Do you suffer from curly hair that’s dry, damaged, frizzy, or uncontrollable? Do you find yourself not knowing how to self-care for your curls so straighten it until it’s damaged beyond repair? Pull up a chair and read on…
There has been a lot of buzz online lately about the Curly Girl Method way of taming and celebrating curly hair. Curly-haired women all over the internet are waxing lyrical about how adopting the Curly Girl Method has changed their lives, and how their curls are bouncier and more healthy than ever before. But what is it, and what exactly does following the ‘Curly Girl Method’ involve?
What is the Curly Girl Method?
The curly girl method is based on the book “Curly Girl” by Lorraine Massey.

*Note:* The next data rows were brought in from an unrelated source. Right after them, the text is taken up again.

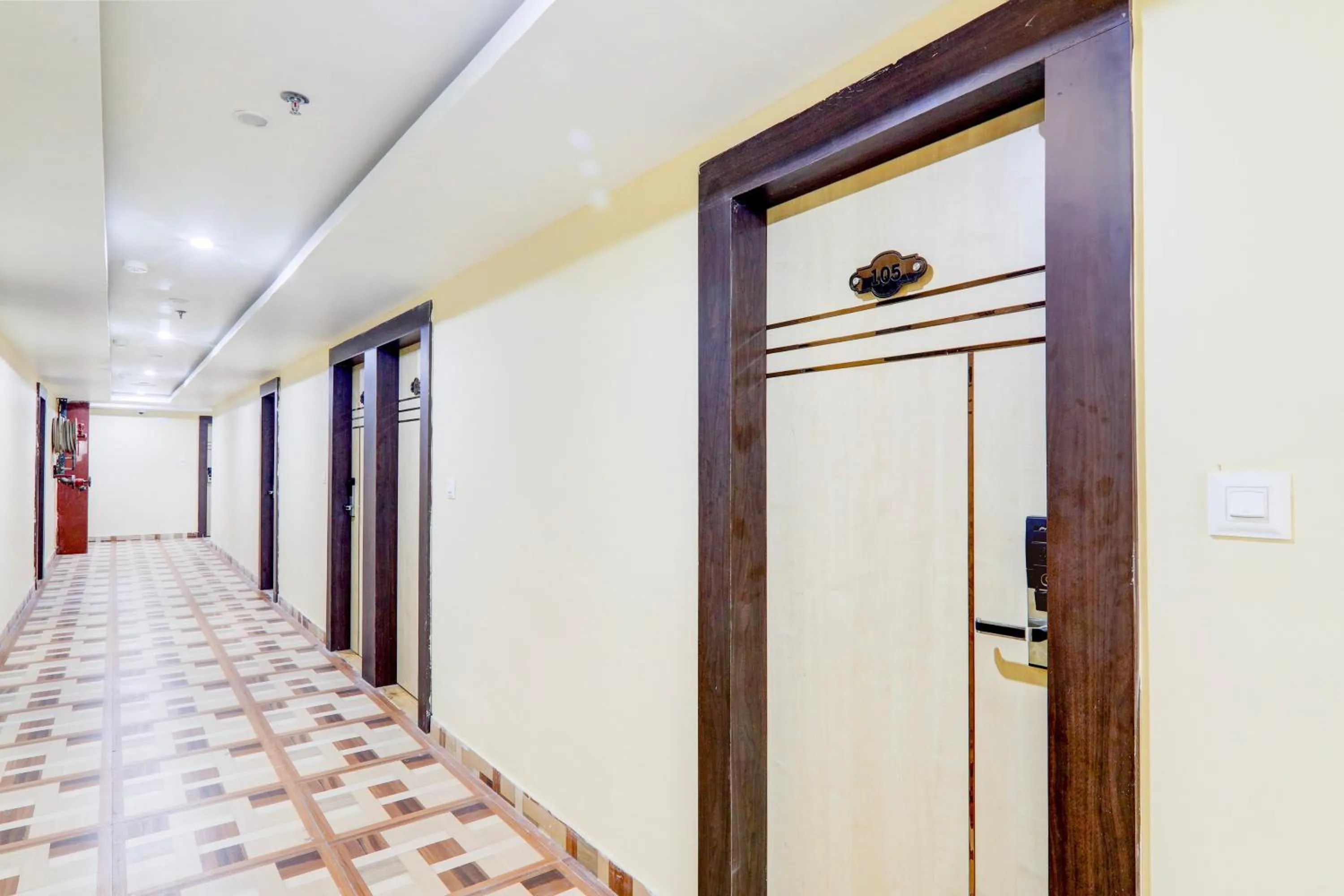 Lobby or reception in Townhouse Sakura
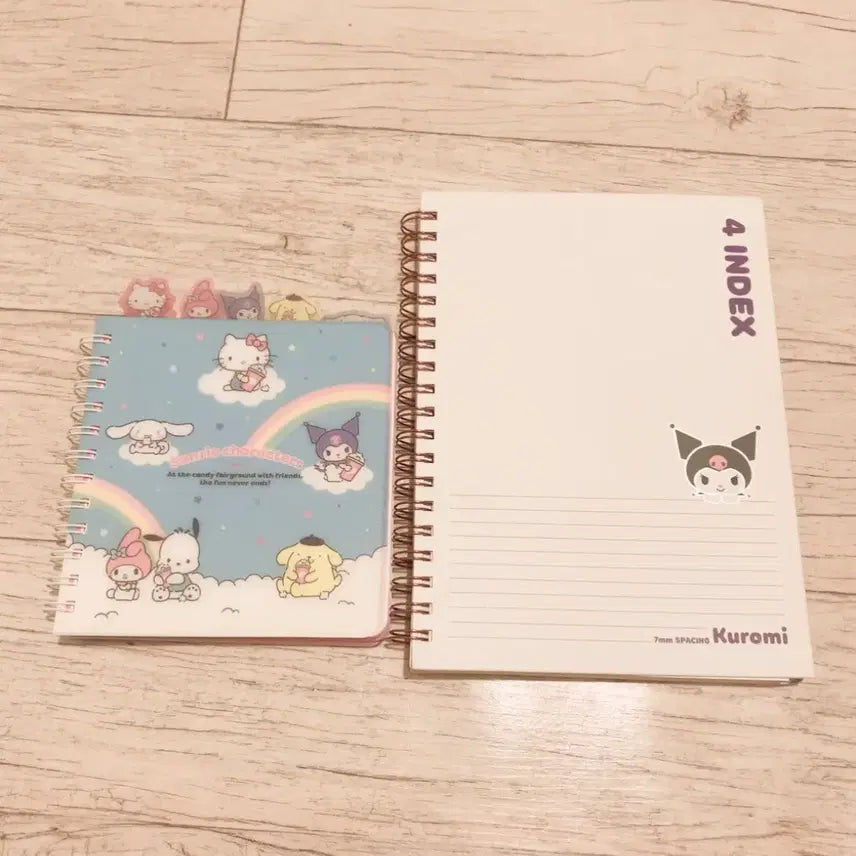[BUNJANG] Sanrio Notebook / 산리오 공책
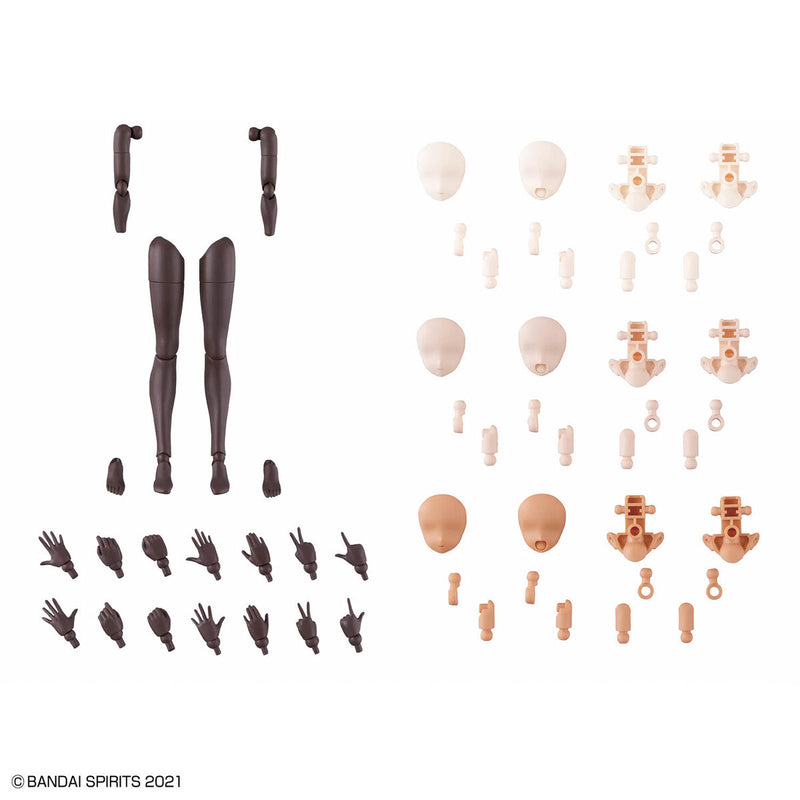 30MS Option Body Parts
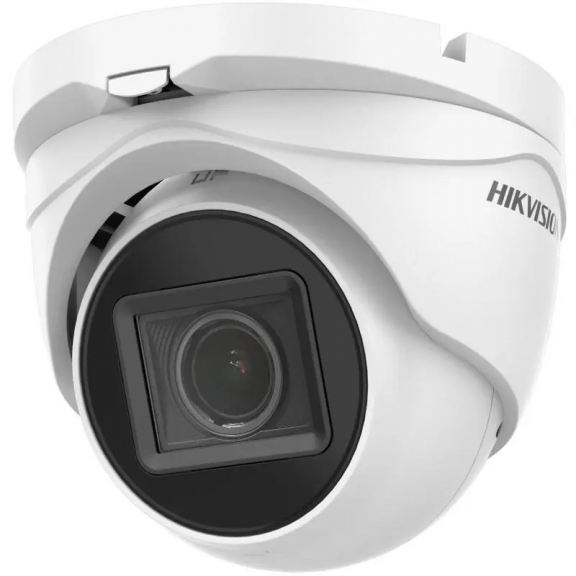 Hikvision DS-2CE79H0T-IT3ZF(C) (2.7-13.5 мм) - 5МП купольна TurboHD відеокамера
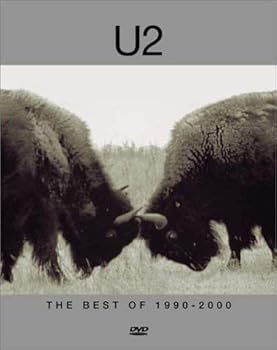 DVD U2: Best of 1990-2000 Book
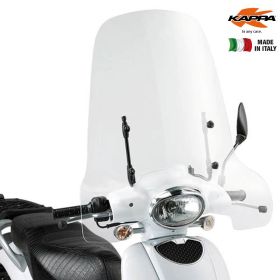 Motorrad windschutz KAPPA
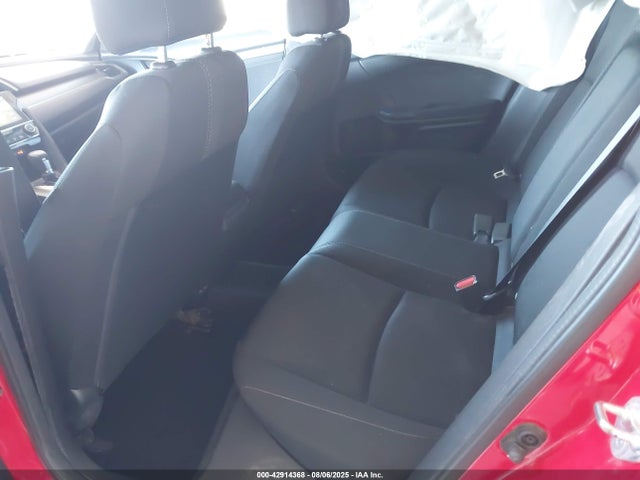 Honda k20c2 2018 2HGFC2F74JH506091 Image 8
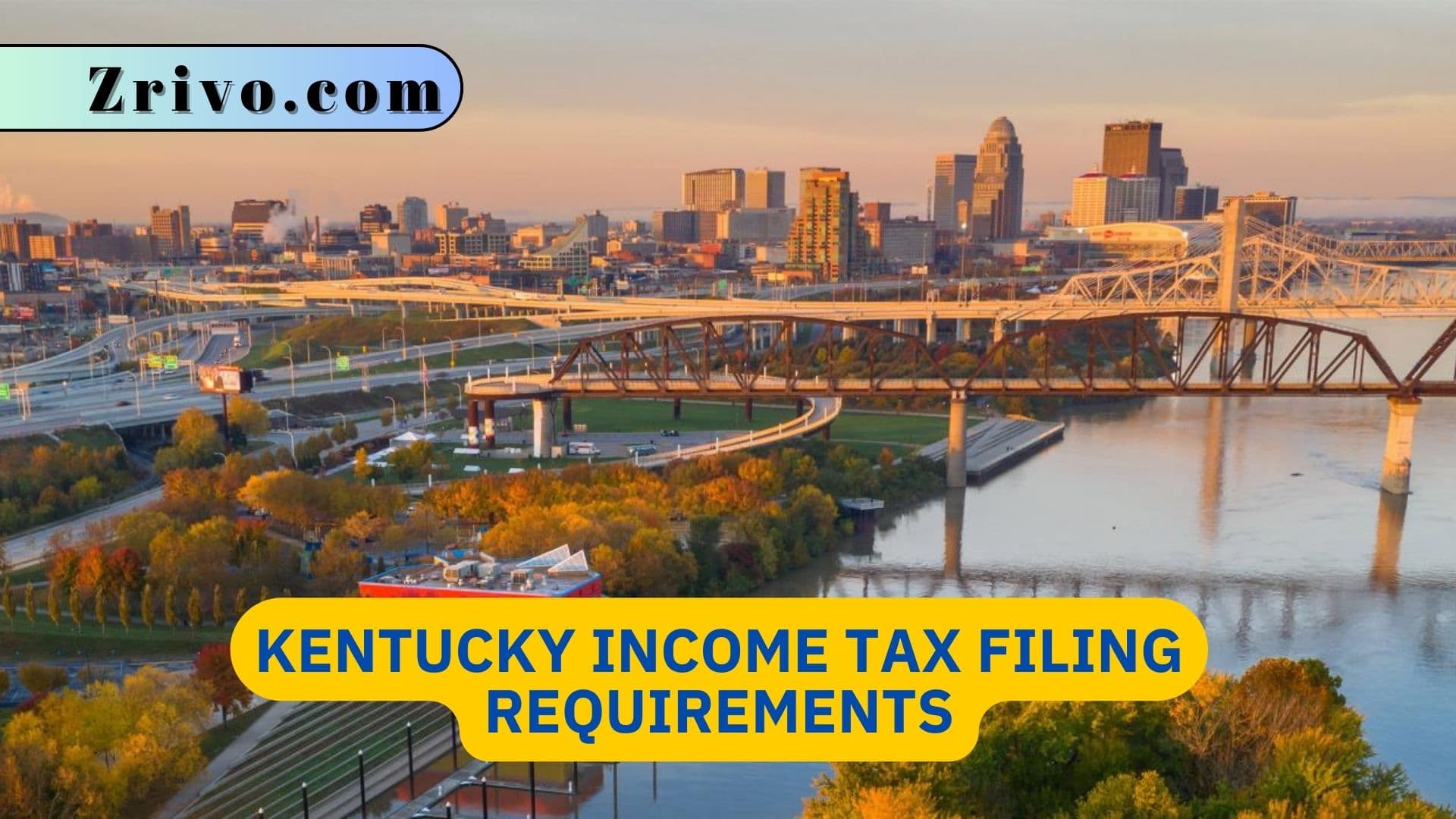 Kentucky Income Tax Filing Requirements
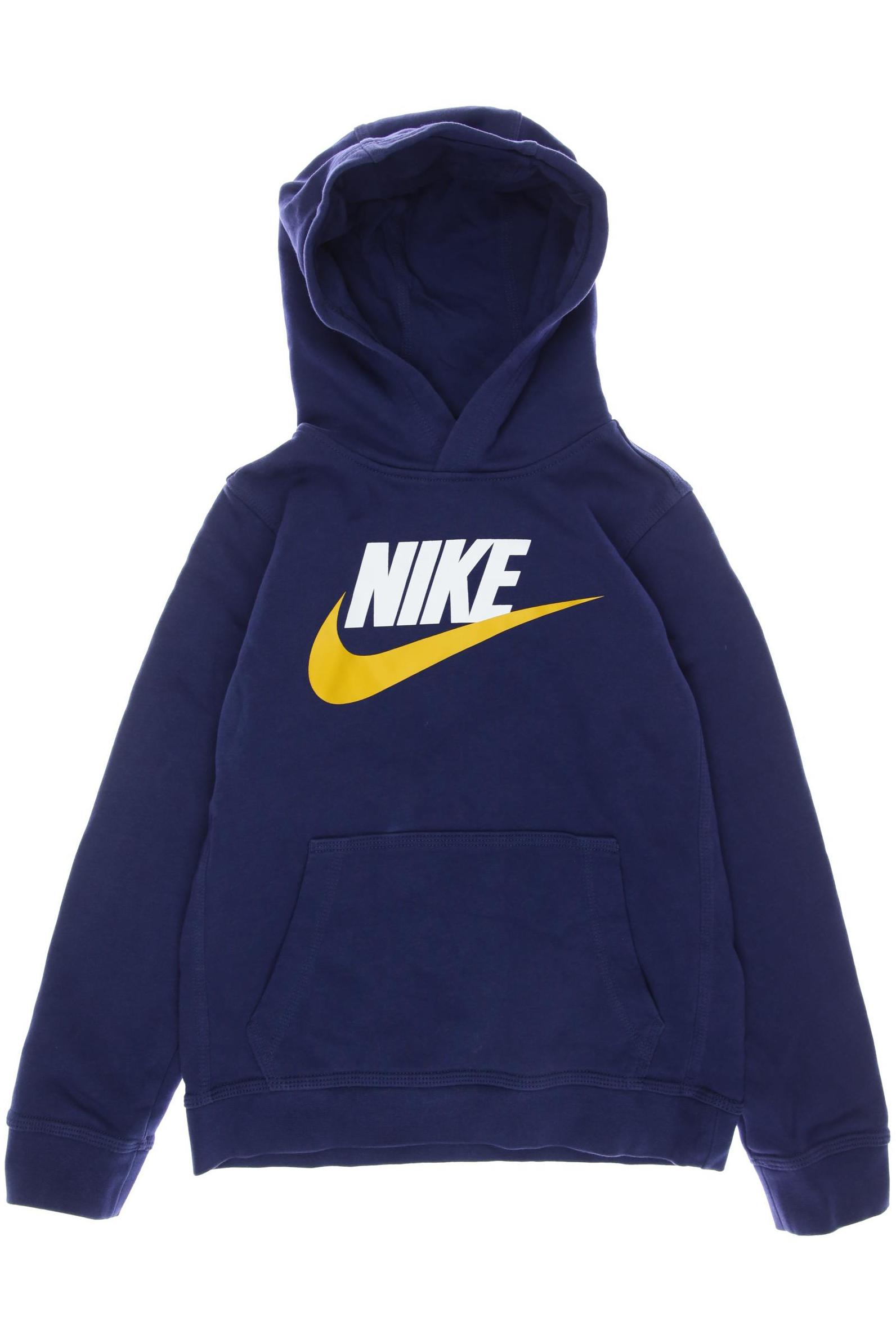 

Nike Herren Hoodies & Sweater, marineblau, Gr. 146
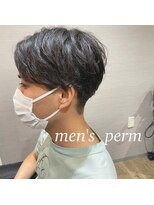 エコル(EKOLU)&nbsp;シークレットパーマ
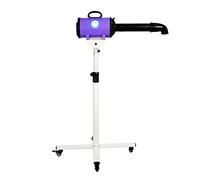 Aode Flying Pig High Velocity Dog Pet Stand Grooming Dryer w/Variable Air Speed & Heat
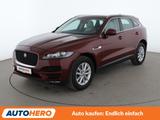 Jaguar F-Pace 30d Portfolio AWD Aut.*NAV*TEMP*360CAM* - Jaguar Gebrauchtwagen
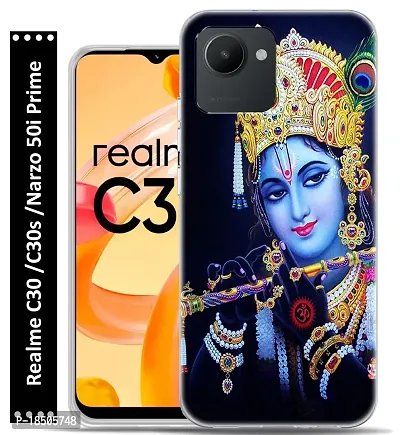 Realme C30, Realme C30s, Realme Narzo 50i Prime Back Cover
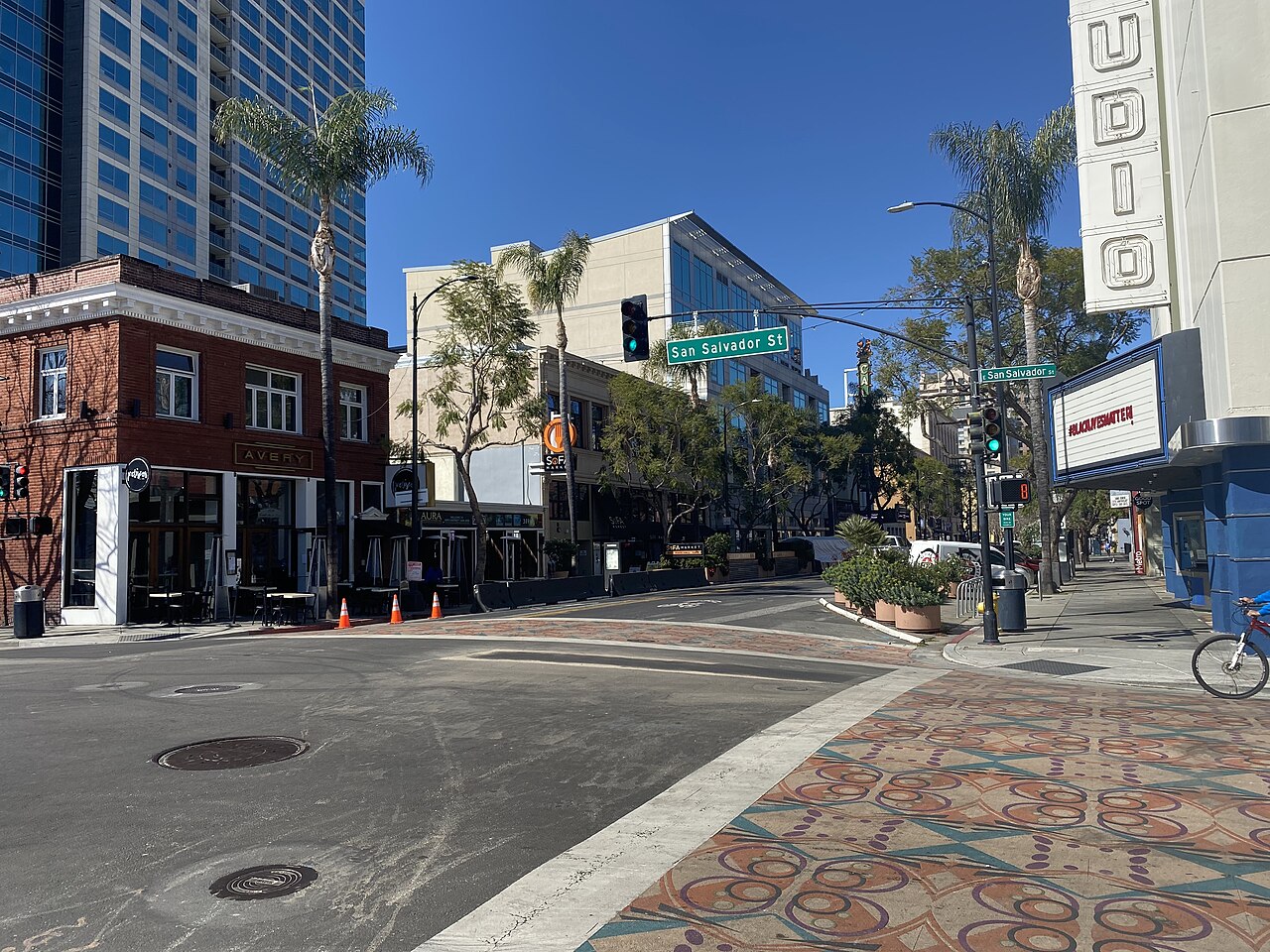 SoFA District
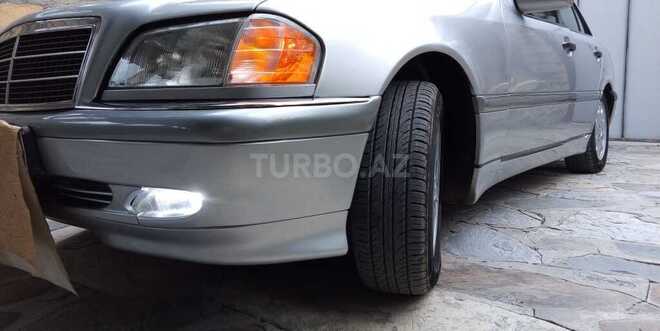 Mercedes C 230 1999, 278,099 km - 2.3 l - Şəki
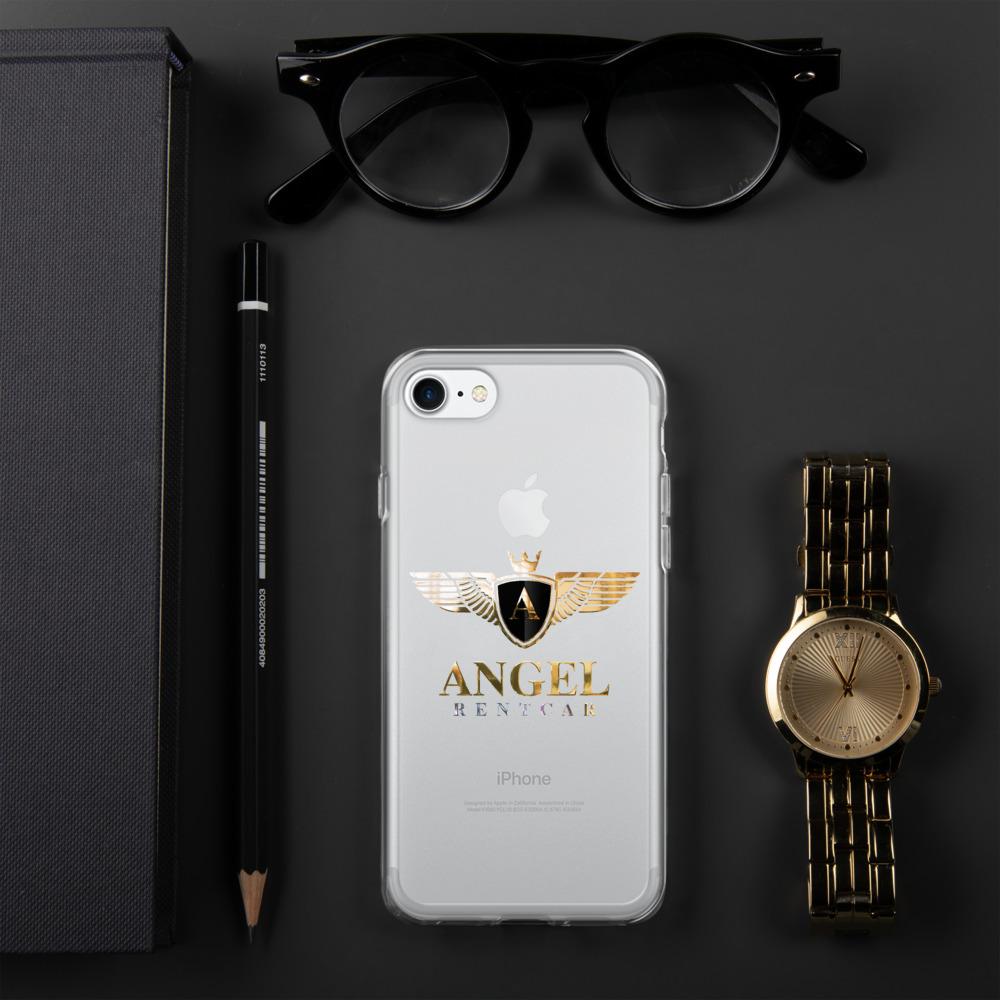 Angel Rentcar - iPhone Case - angelrentcar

Lorraine’s advice about caring for curly hair created a movement, a sisterhood for all girls with naturally curly hair. Lorraine’s ‘no-more-shampoo’ epiphany suggests that you handle your curly hair as gently as you would your finest cashmere jumper; you wouldn’t wash your cashmere on a hot wash using washing-up liquid, and the same should apply when caring for your curly hair.
Here at David & David Hair Salon in Plymouth, our gorgeous curly clients know that we are adept at cutting, styling and offering advice to care for curly tresses, but we thought it interesting to explore the methods adopted by the Curly Girl Method to see if it helps you care for your curly hair at home in between visits to the salon. We hope it clears a few things up and helps you enjoy the beautiful bouncy curls you were blessed with!
What Do You Have to Avoid in the Curly Hair Method?
Firstly, it’s important to know what the Curly Girl Method (also referred to as “no-poo” hair care) advises you avoid using on your curly hair:
- Combs and brushes
- Sulphates (sodium lauryl sulphate and ammonium laureth sulphate)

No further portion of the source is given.